Traditionnellement, le esu se déroule dans des écoles de jeunes filles privées, souvent chrétiennes, un monde homosocial réservé aux femmes. Il traite d'une relation entre deux filles ou femmes d'âge différent, la plus âgée est qualifiée de onē-sama (お姉さま, grande sœur) quand la plus jeune est qualifiée de imōto (妹, petite sœur), et elle concerne deux élèves de l'école, ou plus rarement une élève et sa professeure[19].
Pour Erica Friedman, le esu est à l'origine de nombreux lieux communs que l'on retrouve dans le yuri moderne, elle cite l'utilisation du terme « onē-sama », la « tension sexuelle lors d'un duo au piano », les écoles privées chrétiennes ou encore « l'atmosphère fleurie »[20],[21]. Verena Maser note que les principales notions qui ressortent des esu sont la « beauté » et « l'innocence », qui se retrouvent régulièrement dans le yuri[22].
Les principales œuvres esu reconnues influentes pour le yuri moderne sont les romans Yaneura no nishojo[20] (1919) et Hana monogatari[23] (1916-24) par Nobuko Yoshiya, le roman Otome no ninato[21],[24] (1938) par Kawabata Yasunari et Tsuneko Nakazato ou encore le manga Sakura namiki[25],[18] (1957) par Macoto Takahashi.
Selon la façon dont est perçu le genre yuri, il peut être considéré que le esu et le yuri sont deux genres distincts[26], que le esu forme un « proto-yuri »[25],[21] ou encore que le esu fait partie intégrante du yuri[26],[20].
1970-92 : « l'âge sombre »
En 1970 est publié par Masako Yashiro un shōjo manga nommé Shīkuretto rabu. Ce manga raconte l'histoire d'un triangle amoureux parfait entre deux filles et un garçon et est considéré comme le premier manga non-esu qui traite d'une relation intime entre femmes, faisant de celui-ci le premier yuri[27]. Mais le manga et son autrice sont aujourd'hui peu connus. La plupart des chroniques[28],[29],[30] considèrent que le « premier yuri » est le manga Shiroi heya no futari par Ryōko Yamagishi, daté de 1971.
Sur les 20 années qui suivent, une petite dizaine de yuri shōjo mangas sont publiés, la plupart concentrés dans les années 70[31].

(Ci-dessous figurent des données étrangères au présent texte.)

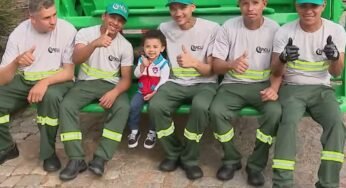 Uma criança de 3 anos demonstra todo seu amor por caminhões e pelos trabalhadores da coleta de lixo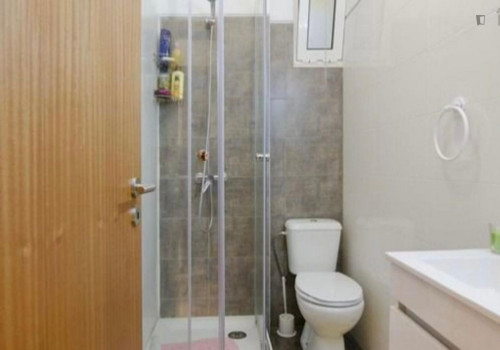Charming single bedroom next to Sete Rios train station  - Gallery -  5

La majorité des yuri de cette époque sont des tragédies, se terminant par une séparation ou la mort, des relations vouées à l'échec. Yukari Fujimoto, de l'université Meiji, considère que Shiroi heya no futari est devenu le prototype de la romance yuri pendant les années 1970 et 1980. Elle le nomme le prototype « Candy et Rose Écarlate » où Candy incarne une fem qui admire Rose, un personnage de type butch. La relation entre Candy et Rose fait l'objet de rumeurs et même de chantages. Malgré cela les deux femmes finissent par accepter leur relation. L'histoire se termine par la mort de Rose qui se sacrifie afin de protéger Candy du scandale[32].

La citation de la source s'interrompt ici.